The proposal from CAST says the vacancy tax legislation would authorize local governments “to disincentivize those vacancies.”
“Local programs could then use the tax revenue to incentivize renting those vacant homes to the local workforce,” a position statement from the association reads. (Publicly funded programs in Breckenridge, Eagle County, Summit County and Winter Park offer cash to owners who stop renting their properties to vacationers and sign long-term leases with working locals.)
There are more than 4,000 active licenses for short-term rentals in Summit County, where federal courts last month dismissed lawsuits filed by property owners challenging recent local tax plans and limits. Owners of second homes and vacation rentals are growing weary of the recent deluge of regulations and legislative proposals, said Toby Babich, who runs a property management company in Breckenridge and serves as board president of the Summit Alliance of Vacation Rental Managers.
Babich said lodging occupancy is declining and tax revenue from short-term rentals and traditional hotels is falling in Summit County. With the decline, the additional caps, taxes and hurdles are threatening tourism economies, Babich said. Those 4,000 licensed properties are supporting local businesses by hosting visitors, he said.
“I don’t know if we’ve reached a breaking point as much as it is already broken and these local governments are looking for the short-term rental industry to go away,” Babich said. “There is definitely a place for taxation and regulation and we understand there is a need for housing and it’s difficult to live up here. We want to be part of the solution. But we can’t be the whole solution.”

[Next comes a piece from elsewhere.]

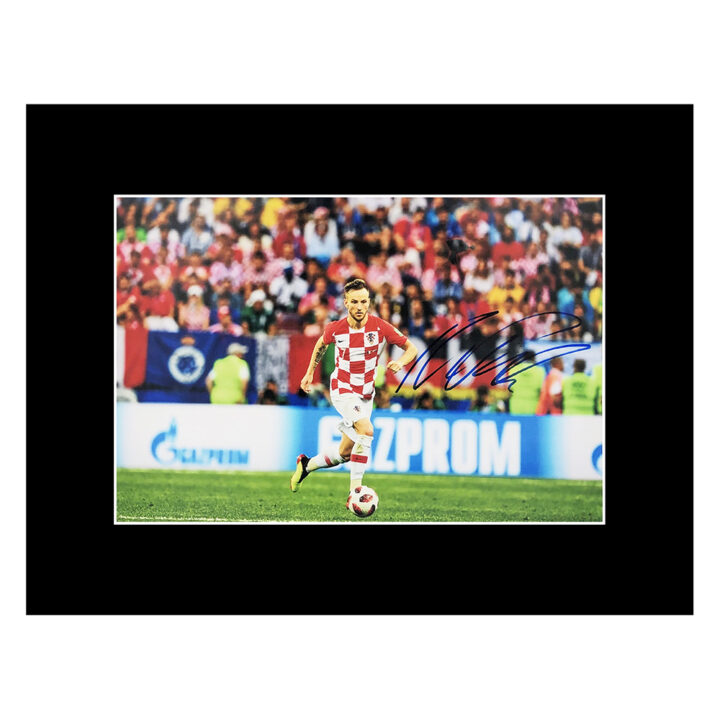Signed Ivan Rakitic Photo Display - 16x12 Croatia Icon
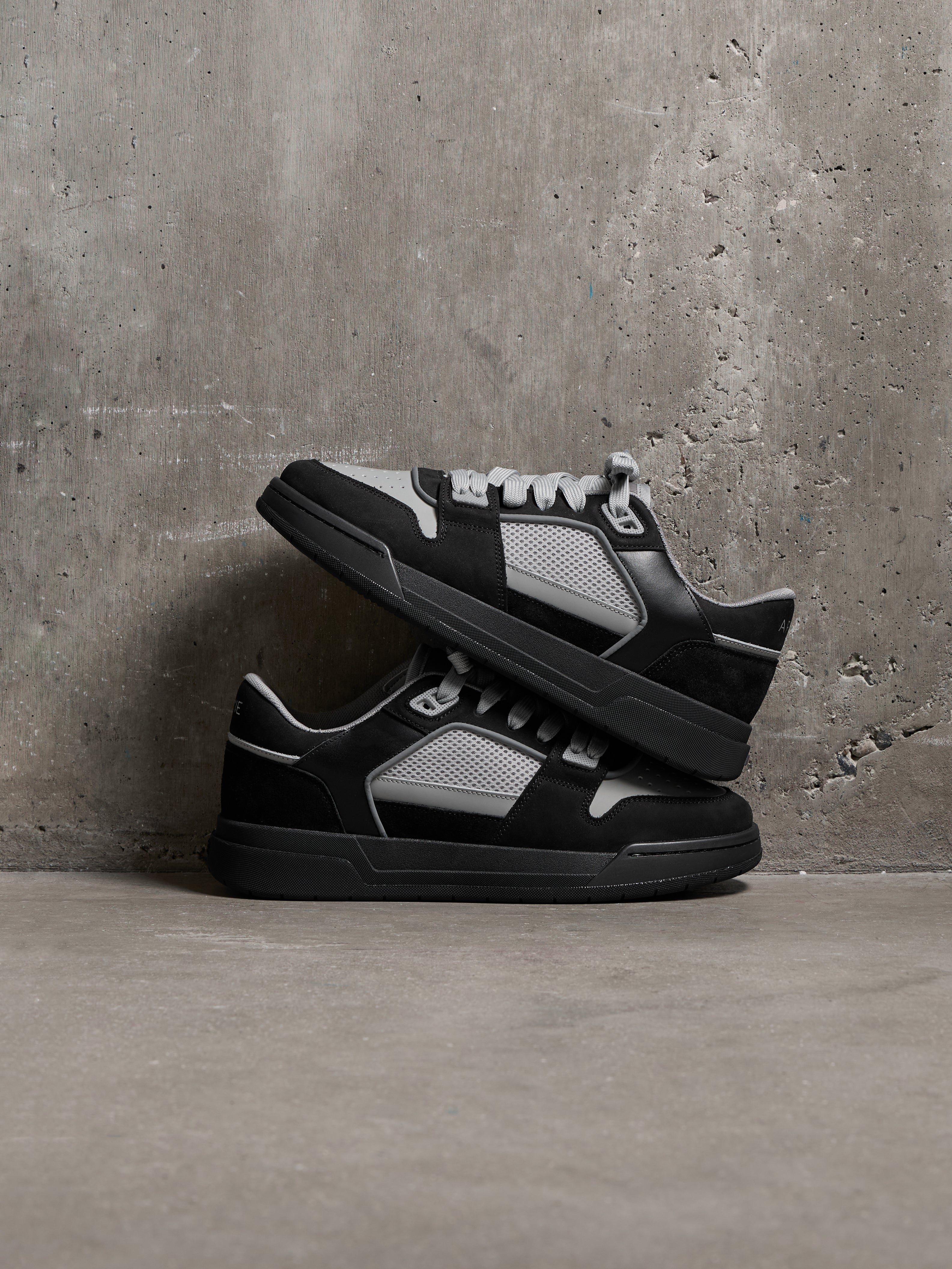 Basket Trainer in Grey Black 2.0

The legislative position from the ski town association defines vacant homes “as those not used as homes for most of the year.” It is unclear if a home filled with vacationers — and not necessarily the owner — would be considered vacant.
The U.S. Census Bureau, for example, counts homes that are rented to short-term visitors as unoccupied because no one is living in the house. The latest U.S. Census American Community Survey in 2022 showed a total of 205,621 homes that were not occupied by owners in Colorado and 2.38 million occupied homes. The survey showed 90,728 of those unoccupied homes were for “seasonal, recreational or occasional use” and 43,819 of those vacant homes were available for rent. Colorado legislators have counted about 24,100 homes in Colorado that are available as short-term rentals, many of those clustered around resort communities.
Many of the finer points in the legislative plan — like how many days a house would need to be unoccupied to be considered vacant — would be hammered out with specific lawmakers who craft the legislation. And some of those details around a vacancy tax would be addressed in local ballot questions, Godes, the Glenwood Springs councilman, said.
“In my opinion, speaking with my council hat on, a home filled with short-term renters and sometimes (the owner’s) family, I do not think that home is vacant,” he said. “But that might be different for different communities.”